Mimeo - Incremental Replication

2013-02-18 796 words 4 minutes

Contents

Continuing from my introductory post to mimeo, I’ll now discuss one of the methods that’s more unique to this replication tool.

If a table happens to have a timestamp column that is set on every insert or update of a row, the incremental replication methods can be used. This simply uses that column to track where in the replication process it left off each time it is run. There’s one for insert-only tables and another that can handle if that column is also set on every row update. While the insert-only one requires no primary/unique key, the updater one does. This method does not replicate any row deletions.

This means that, just like the snapshot method, only select privileges and no triggers are required on the source table. This method is ideal for insert-only, high-transaction tables such as one tracking hits on a website. Adding a trigger to track the changes to such a table for replication could place a lot of extra load of your front-end production systems.

Since this method was introduced in our environment, we’ve had to deal with several edge cases. One of the first was when the rows were just grabbed by getting everything larger than the last recorded timestamp. This runs into issues when the source table hasn’t stopped inserting rows for its latest timestamp value. Since that value is used for the next batch’s lower boundary and it thinks it has all rows matching that timestamp, it may miss some the next batch. So a boundary interval was introduced. This sets the batch’s upper limit to be less than a given interval. For example, say the last recorded timestamp on the destination was 2013-02-18 12:30:00 and mimeo runs the same day at 13:30:00. With a 10 minute upper boundary (mimeo’s default), this would get all rows with values > 2013-02-18 12:30:00 and < 2013-02-18 13:20:00. If rows are constantly being inserted, this does mean the destination is always 10 minutes behind. But it also ensures that no rows are ever missed. The boundary interval is required to enforce data integrity, but it is also configurable on a per table basis.
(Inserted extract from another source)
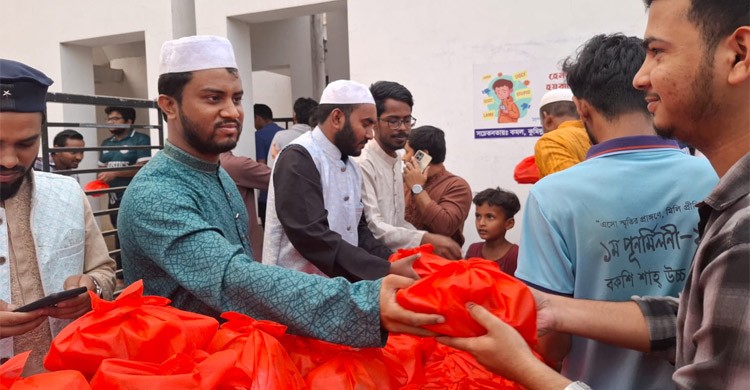 ​কুবিতে ছাত্রশিবিরের উদ্যোগে ইফতার বিতরণ কর্মসূচি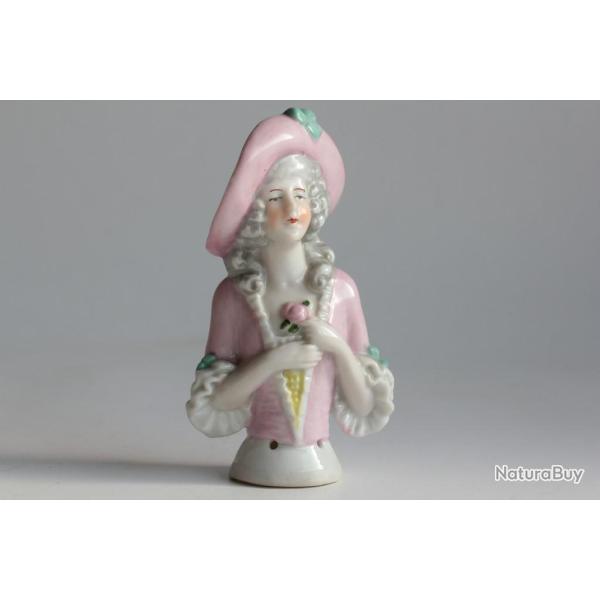 Demi figurine porcelaine Marquise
Another issue along the same lines has to do with when a limit is set on how many rows are pulled each batch. If the maximum number of rows in a batch is pulled, the upper boundary could be cut off in the middle of any timestamp value, not just the latest values being inserted. This is handled by always removing the highest value from the batch when the maximum number is pulled, delaying it to being pulled the next run. Bigger issues occur when the batch contains timestamp values that are all the same. There is no way to ensure a consistent pull of data from the source in this case. So if this issue is encountered, mimeo just cancels that batch entirely. To fix it, you must either remove the batch limit or set it to a high enough value that it can pull data with at least two different timestamp values. The internal logging & monitoring system (pg_jobmon) sets off a critical alert if this occurs so you will know if it happens. Before v0.10.0 a batch limit was always used, so this was a bigger concern then. Since that version, they are no longer turned on by default, but I left the option available. So if you use that option, just be aware of these limitations.

And lastly, probably be biggest cause of issues with time-based replication is daylight savings. When time changes, you chance losing data on your destination table, especially when setting the clock back since it thinks it already got that data. Now is a good time to mention that if you can run your databases on a system that uses UTC/GMT time, you can make a lot of time-based issues with storing data go away. But if that’s not possible, and you want to use this replication method, there are some configuration options available. When you set up incremental replication using mimeo’s maker functions, it checks to see what timezone the database is running in. If you’re in UTC/GMT, you’ve got nothing to worry about. If you’re not, mimeo sets a flag to turn off replication around the time change. I haven’t found any better (ie, less outrageously complex) solutions to this other than just completely stopping replication for that time period. By default it turns off replication between 12:30am and 02:30am. If you need to narrow down or change that time period, the start & end times are configurable.

So at first, basing replication on a timestamp seems like it wouldn’t be too complex an issue. But as always, things are never as simple as they may seem to be.